I now firmly believe in reincarnation and past lives, as I struggle to move closer and closer to specific memories of old souls I have known through multiple reruns. The first poem here is from a dream, a realization that grasping for specifics can be dangerous. The second poem is for another old soul, a friend who may be losing her ability to witness and embrace the absurd. Pleasant dreams, pleasant next lives...
Diving Cylinder
My dreams of late obey no time decorum.
The next disoriented 3 a.m.
leaves trails of cowboy boots, guitar lessons,
hair at the back of her neck,
Lamaze classes, meconium,
kindergarten crises.
“Seven years,” sings Tuxedomoon.
“Seven years in one night.”
When I depended on snorkeling alone,
REM was reliable,
feeding hippocampus and movie screen alike
with familiar flashes of dead basset hounds,
body-snatcher doppelgangers,
the occasional sleepwalk to pee off the back deck.
Trying on scuba gear has been a subspecies of
Ambien zombie drives,
fearful and necessary exploratory dives
to Past Lives Marianas.
Too rich an oxygen mix?
That depends on the goal,
only the faintest echoes now,
but sound always traveled poorly underwater.
A warm September day,
a 1983 still called Bekaa,
began with my startled voice
in response to polite introduction,
“Oh. It’s you. I wondered where you had been.”
ended with languorous cunnilingus
in a cornfield ravaged by borer-worm.
The growing certainty that this breath
was hardly the first instantiation.
Now I’m accustomed to treasure-diving,
even in tectonic trench landscapes
gone ragged with tsunamis.
Rare bouts of insomnia
merely pull me nearer the surface,
While the nightly rituals return me
to the wetsuit.
Down to capture names
that are forbidden to own.
Down to trace each tributary of pubic hair
to its labial source.
Down to clap at phonetic teasers
promising relief from an Alzheimer’s moment -
Melanie, Marina, Malia, you were known otherwise.
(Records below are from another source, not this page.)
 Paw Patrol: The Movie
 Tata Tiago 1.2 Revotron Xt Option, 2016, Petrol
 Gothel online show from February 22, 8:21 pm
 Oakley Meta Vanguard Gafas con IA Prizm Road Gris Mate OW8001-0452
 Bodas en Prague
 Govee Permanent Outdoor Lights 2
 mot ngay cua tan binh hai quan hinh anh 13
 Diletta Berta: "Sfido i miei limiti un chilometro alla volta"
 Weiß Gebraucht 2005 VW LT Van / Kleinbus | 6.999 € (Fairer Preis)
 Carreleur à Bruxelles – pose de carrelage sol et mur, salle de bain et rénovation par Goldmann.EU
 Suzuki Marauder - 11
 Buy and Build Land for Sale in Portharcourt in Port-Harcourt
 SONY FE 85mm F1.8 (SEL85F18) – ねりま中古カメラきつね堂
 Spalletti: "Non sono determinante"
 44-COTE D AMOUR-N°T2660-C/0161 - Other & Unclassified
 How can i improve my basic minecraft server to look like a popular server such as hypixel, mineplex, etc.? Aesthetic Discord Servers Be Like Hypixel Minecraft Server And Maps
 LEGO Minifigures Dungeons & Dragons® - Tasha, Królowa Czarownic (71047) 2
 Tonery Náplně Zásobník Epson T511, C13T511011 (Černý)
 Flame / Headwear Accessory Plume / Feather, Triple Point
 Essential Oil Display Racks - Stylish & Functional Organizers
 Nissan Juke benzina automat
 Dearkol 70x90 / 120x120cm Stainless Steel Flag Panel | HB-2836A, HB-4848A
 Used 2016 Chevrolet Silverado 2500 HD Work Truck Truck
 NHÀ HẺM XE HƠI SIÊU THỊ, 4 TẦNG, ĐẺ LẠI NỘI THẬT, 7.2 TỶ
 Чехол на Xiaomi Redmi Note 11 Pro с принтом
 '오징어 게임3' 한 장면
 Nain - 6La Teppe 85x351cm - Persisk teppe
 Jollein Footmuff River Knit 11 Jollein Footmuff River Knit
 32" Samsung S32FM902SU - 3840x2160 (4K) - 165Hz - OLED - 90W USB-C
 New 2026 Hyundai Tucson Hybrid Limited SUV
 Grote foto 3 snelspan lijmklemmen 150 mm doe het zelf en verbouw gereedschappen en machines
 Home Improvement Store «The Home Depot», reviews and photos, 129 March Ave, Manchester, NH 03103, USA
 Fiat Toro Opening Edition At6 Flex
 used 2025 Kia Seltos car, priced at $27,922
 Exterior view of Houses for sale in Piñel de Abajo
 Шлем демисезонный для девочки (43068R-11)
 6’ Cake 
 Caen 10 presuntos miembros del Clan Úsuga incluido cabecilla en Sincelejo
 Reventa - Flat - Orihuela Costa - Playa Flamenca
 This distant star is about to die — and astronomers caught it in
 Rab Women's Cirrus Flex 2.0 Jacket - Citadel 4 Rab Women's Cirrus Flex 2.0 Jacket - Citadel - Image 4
Oh. It’s you. I wondered where you had been.
As I stagger to the sink at 3:45, I realize
the name of the pain, the groggy fear.
The bends.
In any subsequent forbidden dives,
the gauges on this tank are not to be trusted.
Loring Wirbel
April 5, 2011
Banishing All Semblances of Fun
It may have been the party of roustabouts
at your mother’s farmhouse
(admittedly a bad idea, it wasn’t me
who invited the lieutenant-governor to mix drinks).
I’ve always shied from Sangria spills
and the collateral damage of smashed end tables,
but your eyes did not suggest
a sanctuary from the boorish or a desire to be left alone.
The infinitely scarier message came from
two irises weary of the dance floor.
The Zen goof assumes an awesome responsibility.
Long past the first 12-step meeting or post-partum cry,
there is a shouldering of a standup comic burden.
We must wake from an epic failure and fall in love
with tedious or unfamiliar figure-ground,
part apostle, part Johnny Appleseed,
with a punchline capable of dispelling each random terror.
Some avert their eyes, some linger,
some fall twelve stories.
Some laugh hysterically another day.
Was it a random Japan that activated your dimmer switch,
or a specific tragedy too far?
The tightrope walker is here,
arm and umbrella outstretched,
spanning a landscape of atrocity rarely seen
since Belsen Dachau Hiroshima.
It is always your choice to stop watching cartoons,
but that may be the day the drones fly once more
over Shamsi, over Waziristan, over Djibouti.
The Zen goof assumes an awesome responsibility.
Lee Ann Womack croons almost imperceptibly
at the edge of hearing.
I hope you dance.
Loring Wirbel
April 12, 2011
6 comments:
Nice work.
I think reincarnation is reasonable. Energy is neither created nor destroyed... it's gotta go somewhere.
Thanks for your comment and for visiting, Heidi - loving your book more all the time, great work.
"Diving Cylinder" has some deep mythic elements, quite right for a dream poem. Are you perhaps from Atlantis? Something calls us back to the womb, perhaps men especially. And lately I have been called to be womb incarnate, totally obsessed with fertility. Could it be my daughter wanting to start a family? How much deeper it feels now, as potential grandmother. Fine material and digging there, Loring.
I like the litany in "Banishing All Semblances of Fun." There's nothing quite like proper names to liven a poem.
By the way, we are preparing a big sendoff with several events for Diane Wakoski since this is her final semester teaching. One event May 4 a few of us will serenade her outside her office window In Morrill Hall, reading her poems. Fun stuff!
An MSU without Wakoski? Unthinkable. Different times. You know, I saw a video of a recent reading of hers, and I thought "Wow, she looks old - wait, she is old, it's happening to us all." Have fun on May 4. And thanks for the comments!
And please take videos of the serenade!! Seriously.
Good idea! I'll suggest it to the band of merry revelers.